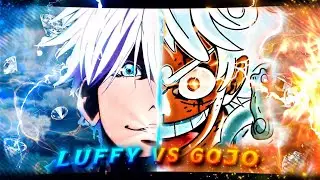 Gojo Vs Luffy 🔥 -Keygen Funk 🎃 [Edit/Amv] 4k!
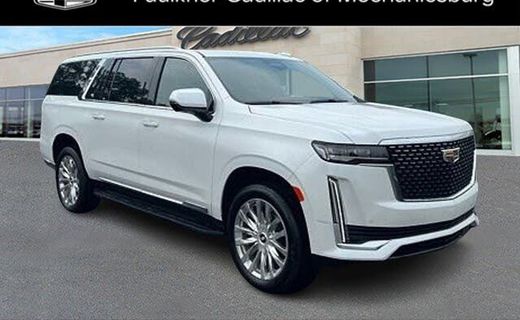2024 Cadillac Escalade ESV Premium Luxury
* * *
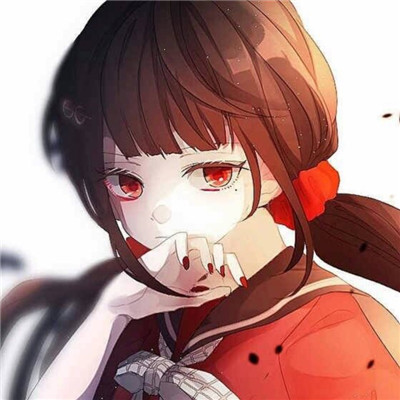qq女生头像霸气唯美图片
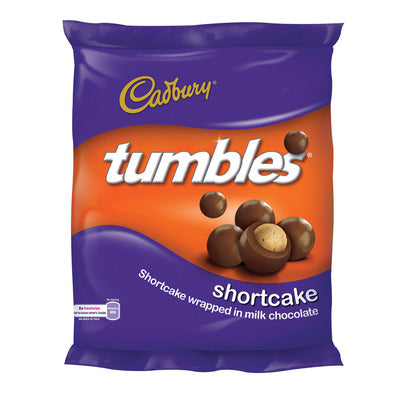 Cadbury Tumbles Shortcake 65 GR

# Work task
Reproduce, exactly and only, the lines of the records above starting at the line with "Gojo Vs Luffy" and ending at the line with "2024 Cadillac Escalade ESV Premium Luxury", both included. Leave every picture out.

# Result of the exercise
 Gojo Vs Luffy 🔥 -Keygen Funk 🎃 [Edit/Amv] 4k!
2024 Cadillac Escalade ESV Premium Luxury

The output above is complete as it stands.